Turns out evolution and random can find you things which are so anti intuitive you could basically never come up with. ( I had a sense of that, that’s why I choose that domain ;D )
What I have seen is that my bot evolved a really simple but weird technique to dodge the champs bullets: it found some kind of frequency and on that frequency it has just… acceleration up and down (negative velocity) and HIT THE WALL AGAIN AND AGAIN. Wat?
The champ bot’s prediction was just too good but not prepared for such a stupid enemy like my bot and it was basically impossible to predict that my bot will slow down for V to 0 in 0 sec so champ was almsot constantly shooting ahead or behind my bot, shooting the wall instead my bot. If the wall wasn’t there, it would hit almost 100%.

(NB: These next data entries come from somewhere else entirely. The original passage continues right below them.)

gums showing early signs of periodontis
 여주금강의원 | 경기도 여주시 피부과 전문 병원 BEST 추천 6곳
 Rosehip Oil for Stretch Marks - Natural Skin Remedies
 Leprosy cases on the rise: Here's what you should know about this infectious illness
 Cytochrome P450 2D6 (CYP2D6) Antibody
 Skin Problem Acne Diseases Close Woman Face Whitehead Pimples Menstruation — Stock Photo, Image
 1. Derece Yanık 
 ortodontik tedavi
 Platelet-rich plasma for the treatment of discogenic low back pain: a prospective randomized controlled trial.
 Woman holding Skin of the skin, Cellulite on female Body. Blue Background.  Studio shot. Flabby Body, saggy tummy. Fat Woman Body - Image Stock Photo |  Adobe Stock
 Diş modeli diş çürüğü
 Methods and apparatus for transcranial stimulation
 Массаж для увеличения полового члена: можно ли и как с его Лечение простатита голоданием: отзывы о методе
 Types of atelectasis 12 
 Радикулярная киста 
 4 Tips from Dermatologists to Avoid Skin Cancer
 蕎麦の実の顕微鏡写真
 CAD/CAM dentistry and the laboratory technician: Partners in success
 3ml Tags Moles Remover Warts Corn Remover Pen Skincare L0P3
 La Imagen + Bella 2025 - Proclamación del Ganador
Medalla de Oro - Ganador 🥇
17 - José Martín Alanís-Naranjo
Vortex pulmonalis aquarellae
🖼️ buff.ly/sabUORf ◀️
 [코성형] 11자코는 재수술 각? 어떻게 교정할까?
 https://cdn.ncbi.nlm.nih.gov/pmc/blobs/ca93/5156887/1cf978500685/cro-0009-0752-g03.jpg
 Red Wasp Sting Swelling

Shooting requires energy and after a given time both bots lose energy at the same rate. My bot could win just by “backing out” and not being hit too often, wasting the enemies energy.
Since that experience I could not care less about NN (except neuroevolution), evolutionary algorithms ftw! :D
(I hope no one will create the AI killing us all thanks to my comment. :D )
[1] - https://en.wikipedia.org/wiki/Omega_(video_game) - https://corewar.co.uk/omega/files/misc/omegamanual.pdf
Carve out a day every year to write a brand new bot (no reuse) to see how it fares against older bots. Try to outsmart ourselves.
At the moment, using classic actors but it'll probably shift to typed actors next time around.
https://github.com/UNEcosc250/2018assignment3
I also put in a bit about "tankfighting with insults" a la Monkey Island, to try to give a little exercise in streams.
(Relatively safe to link because I'll be updating it next year anyway)
Some years ago, a colleague and I ran a software studio course at UQ where we used the original Robocode codebase as the starter project, and had teams adding action-replay, Call of Duty style killstreak rewards and all sorts of other odd features.
(Though the pain of the original Robocode Java codebase was there was a 1,000 line long class that was so central to everthing that by the time students were done with it, it was a 3,000 line class. Our hopes of "prime target for students to refactor" were thwarted by "turns out, students don't do that".)
Roboforge also did another thing that I still - even two decades later in this microtransaction-laden world - haven't seen again: Paid tournaments!
You could enter your bot into online tournaments for free, or you could pay something like $5 to enter a paid tournament, and if you won you'd win a real-money prize. There's probably some huge legal issue around what pretty much amounts to gambling, but it was brilliant.
[0]http://www.roboforge.altervista.org/ [1]https://en.wikipedia.org/wiki/Roboforge
Each tank can move, scan other tanks and shoot.
Your tank has hit points and shooting a bullet decreases your hit points by the amount of firepower you used.
Bullets are particles that move over time, so you have to shoot not at where other tanks are but where they are going to be at based on their last position seen on radar.